7 Important Facts about Pleading Guilty in Pennsylvania

Before you decide how to respond to your criminal charges, you need to have a clear understanding of what is at risk in your case. You also need to assess your defenses, and you must determine whether an intermediate solution (such as negotiating a plea deal or entering into a diversion program) is your best option in light of the circumstances at hand.

So, before you decide to put your future in jeopardy, here are seven facts you need to know about pleading guilty in Pennsylvania:

Fact #1: The Burden of Proof is on the Government

While the odds may seem stacked against you, it is important to remember that the burden of proof is always on the government in criminal cases. Specifically, in order to secure a conviction, the prosecutor’s office must prove your guilt “beyond a reasonable doubt.” This means that the prosecution must convince the judge (or the jury, if you request a jury trial) that the only reasonable conclusion is that you committed the crime or crimes alleged.

This is a very high burden; and, if your defense attorney can successfully challenge even one element of the prosecution’s case, this will be enough to avoid a conviction. For example, in many cases, proving a defendant’s guilt requires evidence of “criminal intent,” and it will be possible to challenge the prosecution’s evidence of intent (or lack thereof) in many cases.
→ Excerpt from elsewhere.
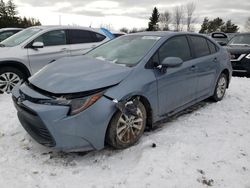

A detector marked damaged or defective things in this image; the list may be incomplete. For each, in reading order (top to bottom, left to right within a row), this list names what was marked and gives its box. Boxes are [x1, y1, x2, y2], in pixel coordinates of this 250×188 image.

damaged front bumper [11, 84, 117, 152]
Fact #2: There are Defenses You Can Assert Even if You Committed a Crime

Let’s say you committed a criminal act, and you did so both knowingly and intentionally. In other words, there is no question that you violated the law. Even in this scenario, you could still have defenses available.

The U.S. Constitution affords criminal suspects and defendants in Pennsylvania numerous important protections. If police or prosecutors violated the Constitution (which happens far more often than most people would expect) in your case, you may be entitled to a “not guilty” verdict regardless of whether you committed a crime. Some of the most common examples of constitutional defenses to criminal charges include:

  • Unreasonable search or seizure
  • Use of surprise charges or evidence
  • Violation of the protection against self-incrimination
  • Violation of the right to legal representation
  • Violation of the right to due process

Fact #3: If You are a First-Time Offender, You May Be Eligible for Diversion

If this is your first time facing criminal charges, you may be able to avoid a conviction by participating in one of Pennsylvania’s diversion programs. These programs allow first-time offenders to avoid having a criminal record while also avoiding the stress and risks of going to trial. When you enter into a diversion program, you are required to comply with several terms and conditions; however, if you comply, then your charge will be erased from your criminal record.

Fact #4: Negotiating a Plea Bargain Could Significantly Reduce Your Sentence

If you are committed a crime, you do not have constitutional defenses available, and you are not eligible for one of Pennsylvania’s diversion programs, then negotiating a plea bargain could provide a much more favorable outcome than simply pleading guilty in court. In Pennsylvania, the most common type of plea bargain is a “charge bargain.” This allows you to plead guilty to a lesser crime, thereby reducing the penalties that are on the table. A “sentence bargain” is an option as well, although these plea bargains are less common and subject to more legal restrictions.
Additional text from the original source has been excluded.